New university college - sign of things to come
26 Jul 2010
The granting of university college status to BPP is an interesting sign of radical changes ahead for higher education in the UK. It lends status to the offshoot of a huge US-based, for-profit company that is looking to expand in Europe.
This is the first time that university college status has been awarded to a private provider since the creation of Buckingham University College (later Buckingham University) in 1976.
BPP is part of the Apollo Group, a market-listed US company which owns and operates the University of Phoenix, a private university in the USA which offers degrees through distance-learning.
In 2004, the University of Phoenix was fined $9.8 million by the US government for unethical practices in recruiting students. web.archive.org/web/20071007232951/http://www.azstarnet.com/sn/education/39028 At the time, the Apollo Group denied any wrongdoing.
BPP College of Professional Studies runs law, business and accountancy courses at several sites in the UK. It says it now plans to expand into other areas, providing a wider range of courses.
It focuses particularly on postgraduate vocational courses, where students pay high fees which are often subsidised by, for example, law firms sponsoring new entrants. However many students pay their own fees.

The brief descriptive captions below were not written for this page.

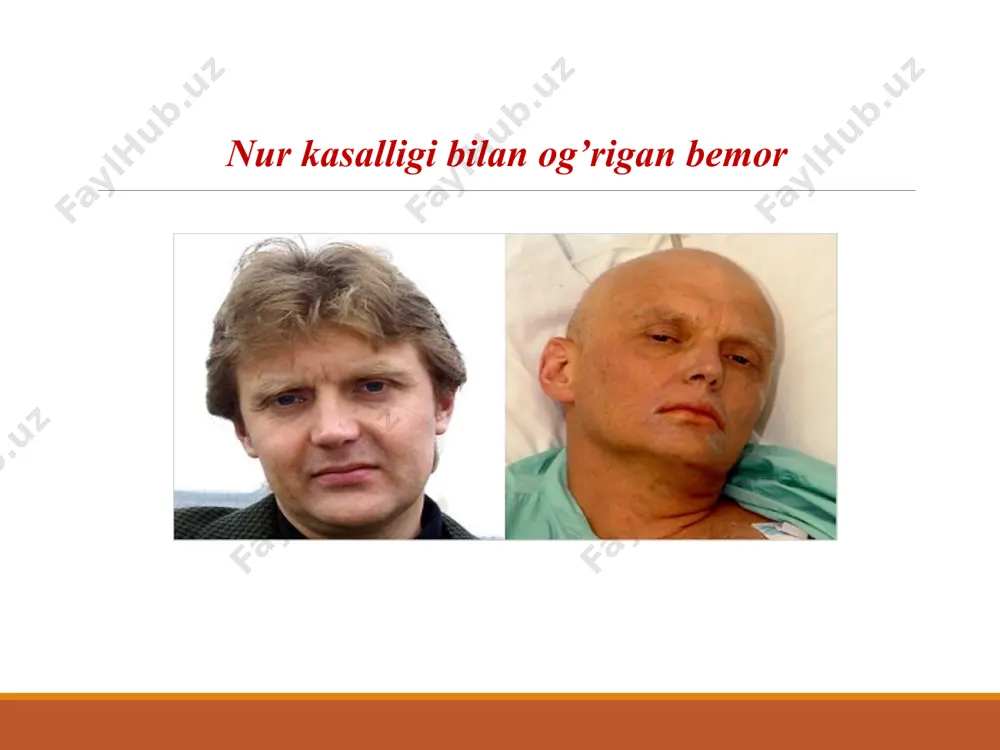 odam va xayvonlarning o’tkir va surunkali nurlanish kasalligi - Page 4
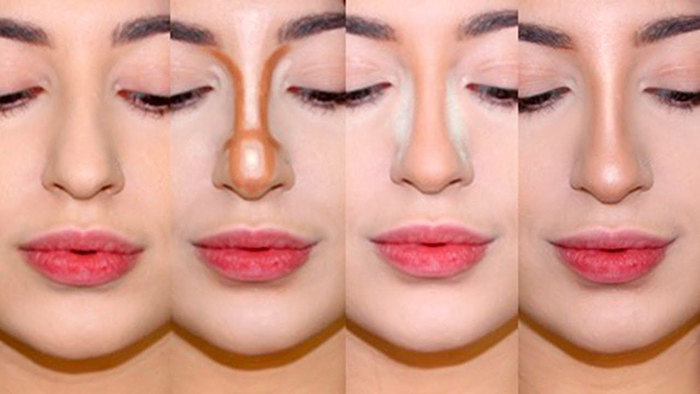 Les filles ont un nez large. Que faire, comment s'en débarrasser, rhinoplastie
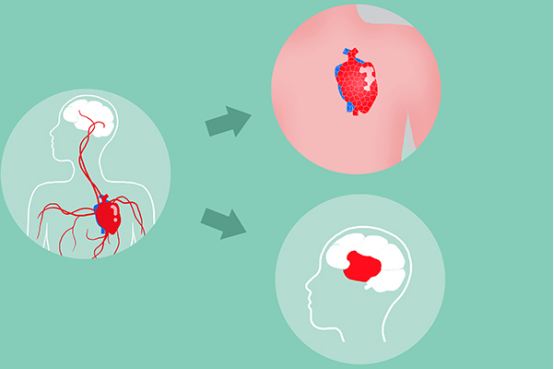 动脉硬化是现在比较常见的一种疾病，很多人认为一旦患上了这种疾病，那么就会对寿命造成一定的影响。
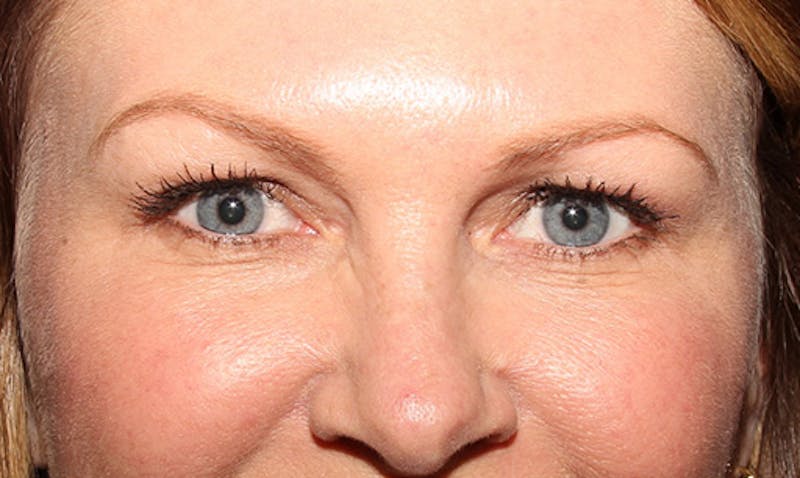 BOTOX Before & After Gallery - Patient 133024037 - Image 2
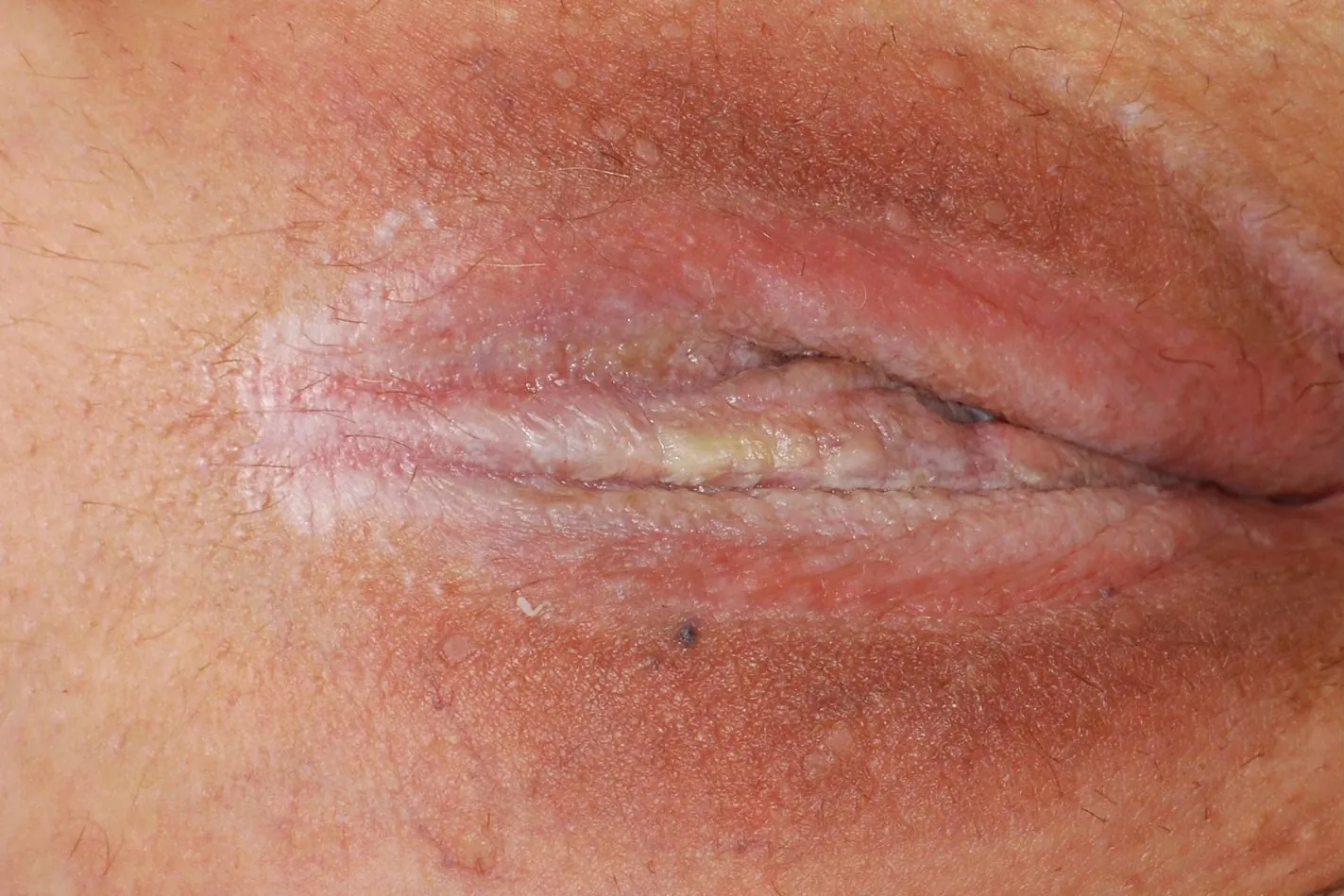 Vernarbung weiße flecken Scheide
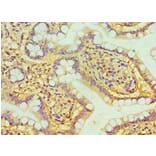 Immunohistochemistry - HTATIP2 Polyclonal Antibody from Signalway Antibody (42676) - Antibodies.com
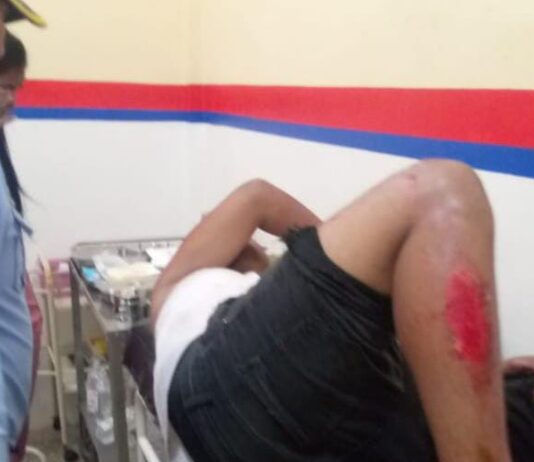 Dos jovenes resultan heridos tras aparatoso deslizamiento en moto en la Coro-Churuguara
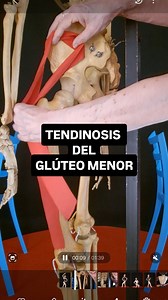 Veronica Lercari on Instagram: "Tendinosis del glúteo menor #gym #gimnasia #verler #fitness #saludable #deportes #veronicalercari #fit #gimnasiaencasa #terapiafísica #kinesiologia #kine #fisioterapia #traumatologia #danza #pilates #gimnasiaverler"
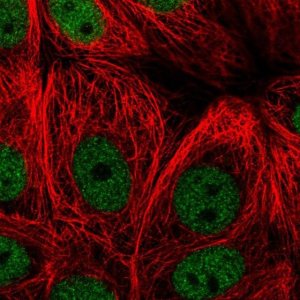 Anti-ZBTB21 antibody produced in rabbit 
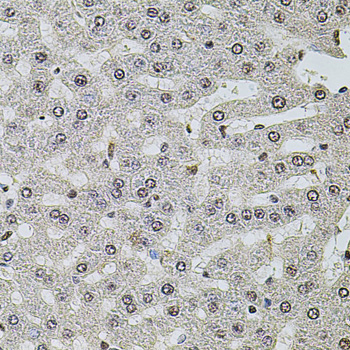 Anti-SET Antibody (CAB12502)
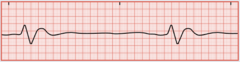 <p>Results when all the pacemakers of the heart have failed. The ventricular rate is less than 20/min. The EKG shows a very wide, bizarre QRS complex with no P or T wave. Will more than likely result in a cardiac arrest</p>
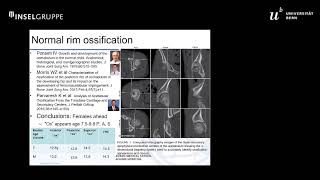 Acetabular rim fractures demographics and unanswered therapeutic questions  Michael Millis Se 1 [upl. by Amalea490]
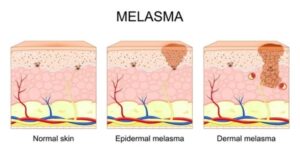 melasma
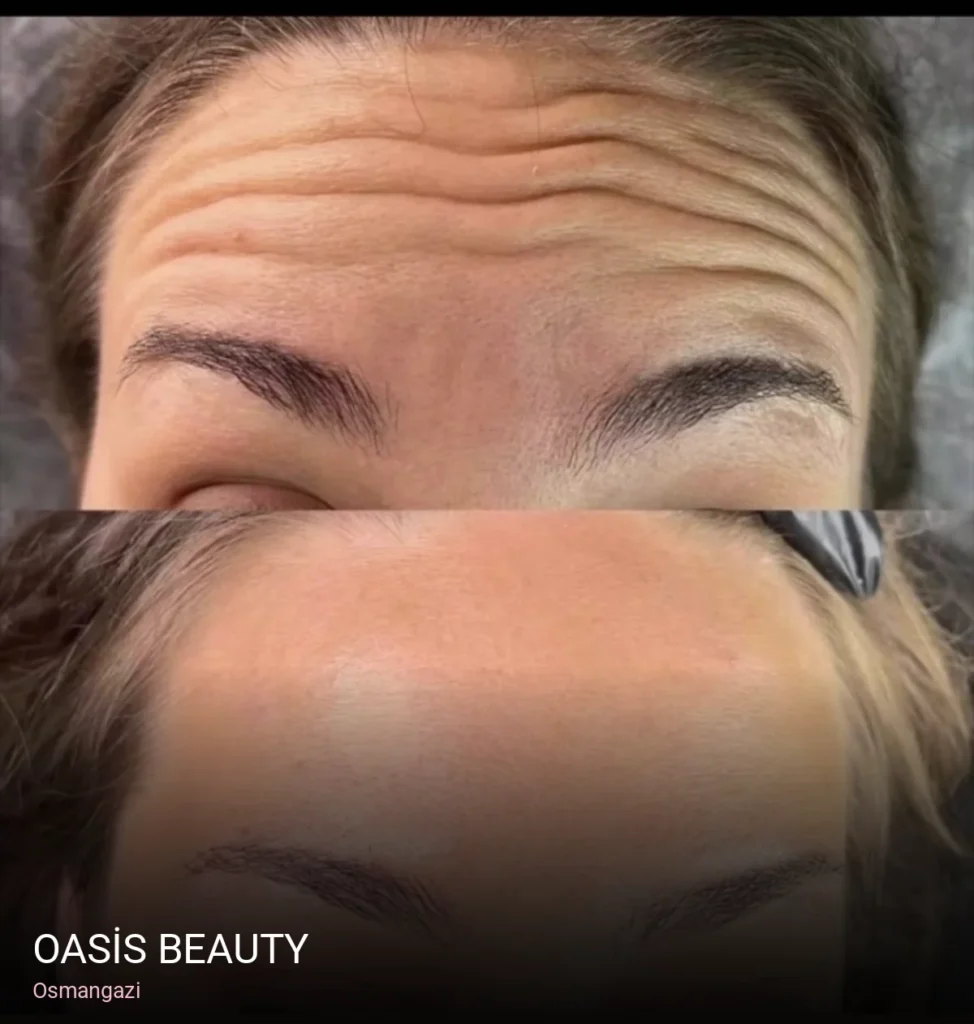 Osmangazi OASİS BEAUTY — Manikür, Pedikür, Cilt Bakımı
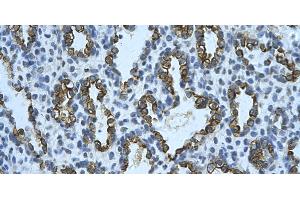Rabbit Anti-KRT8 Antibody       Paraffin Embedded Tissue:  Human alveolar cell   Cellular Data:  Epithelial cells of renal tubule  Antibody Concentration:   4. (KRT8 Antikörper  (N-Term))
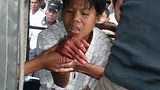 bomb_wounded_305px.jpg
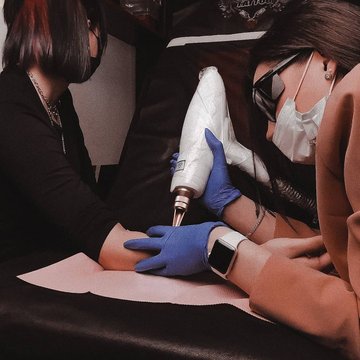 Tattoo Removal in Krakow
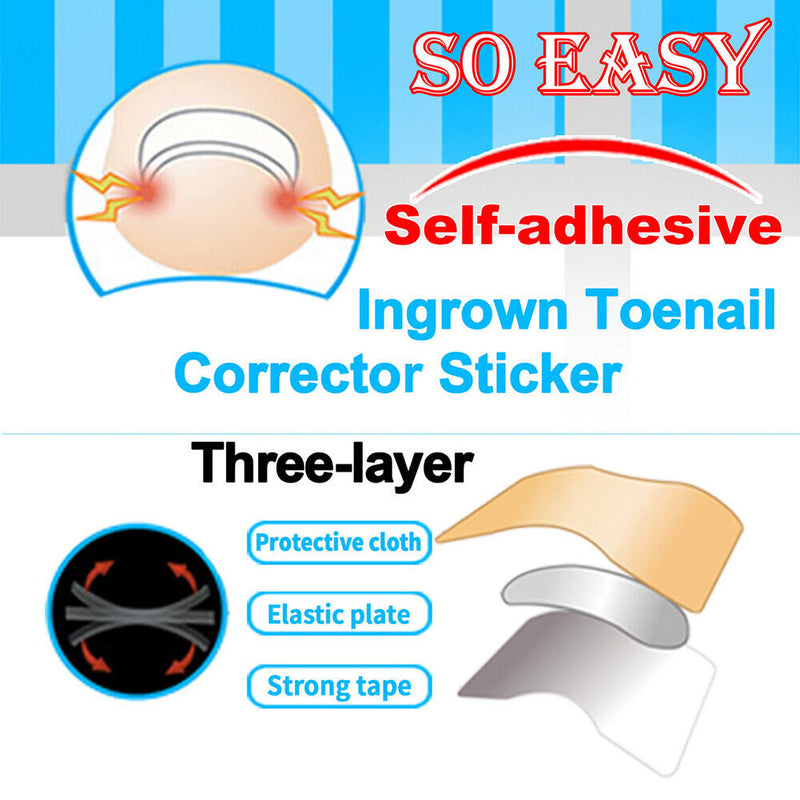 Ingrown Toenail Correction Fixer Recover Nail Patch Kit Foot Care Stickers Tool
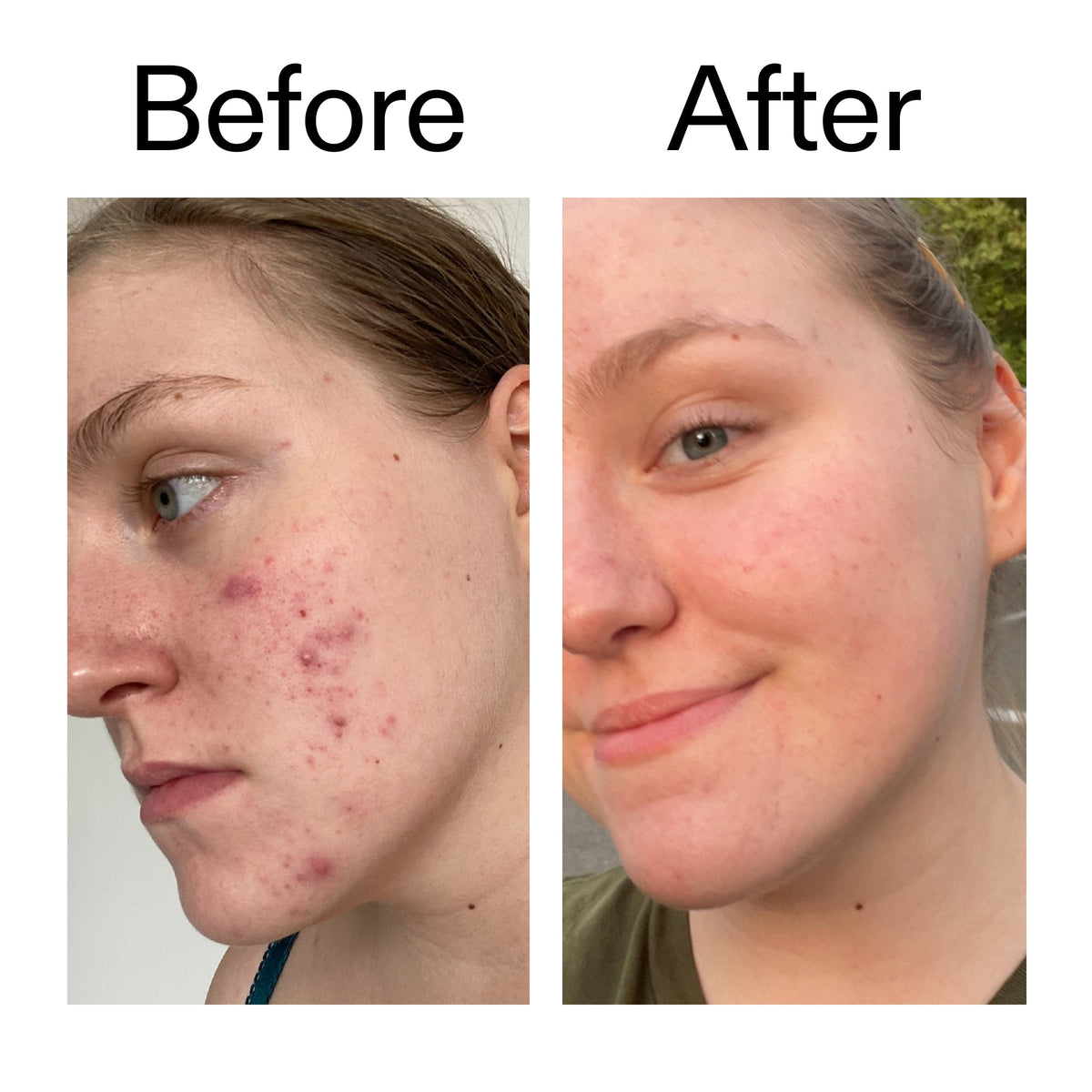 glycolic-acid-toner-e3 Glycolic_Acid_Toner_Before_After_2000x2000_49f0b9f7-e71b-4b2e-a8f8-2ea4b73247bb.jpg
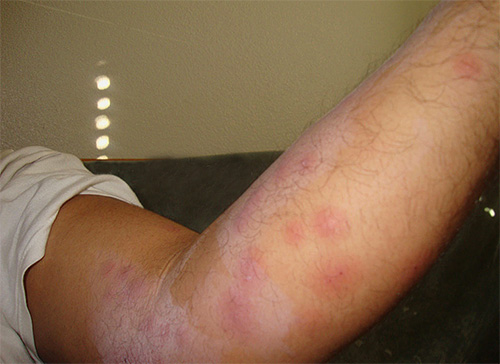 Les premières piqûres de punaises de lit dans un appartement sont souvent prises pour des piqûres de moustiques ou une allergie Les premières piqûres de punaises de lit dans un appartement sont souvent prises pour des piqûres de moustiques ou une allergie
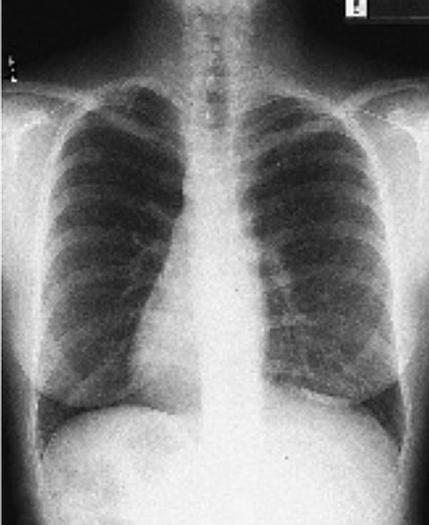 Usado 2001 General Electric (GE) Proteus Xr/a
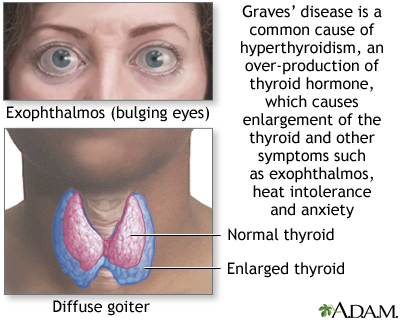 Graves disease Graves disease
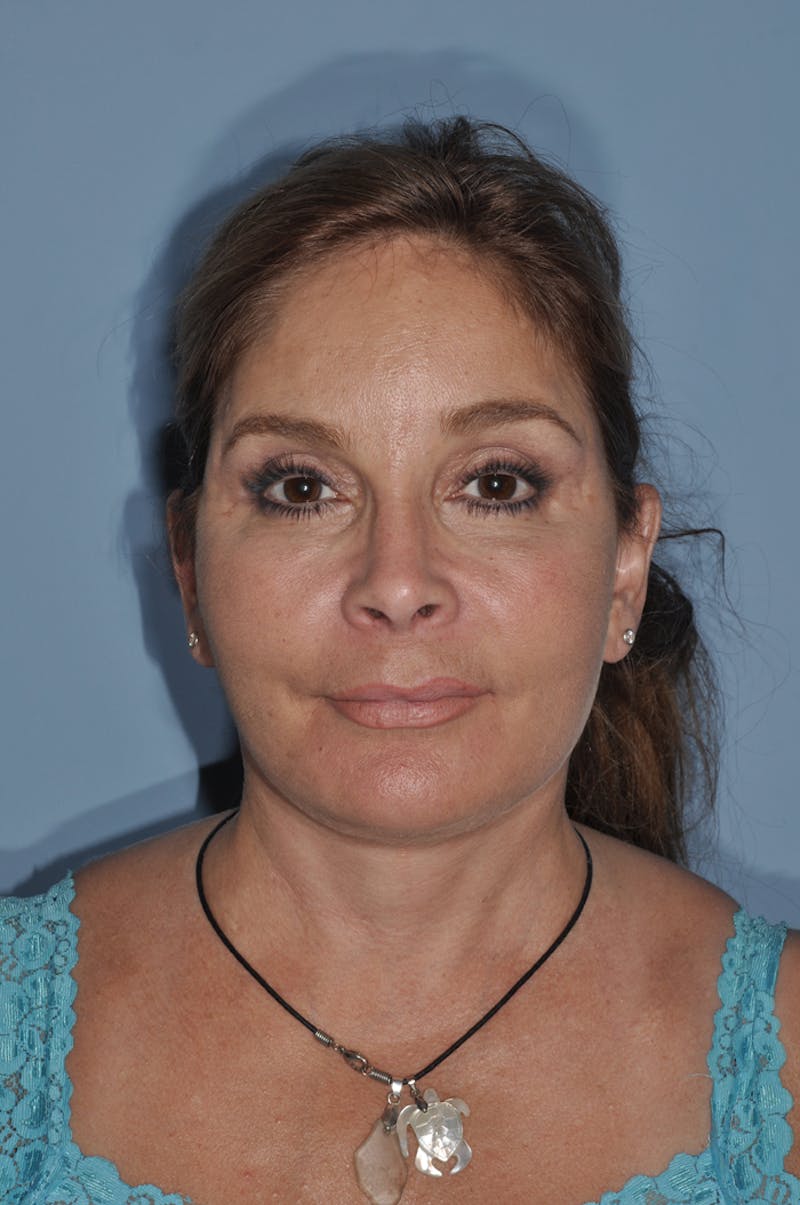 Facial Fat Grafting Before & After Gallery - Patient 246233 - Image 2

The growth of private providers will pose a challenge to public-sector universities that run the full range of courses. The loss of lucrative post-graduate students to colleges like BPP would, in particular, affect the bottom-line at many institutions .
If BPP University College expands at anything like the pace of the University of Phoenix the UK won't know what has hit it. Starting in 1976, Phoenix now has a staggering 476,000 students currently enrolled on its courses.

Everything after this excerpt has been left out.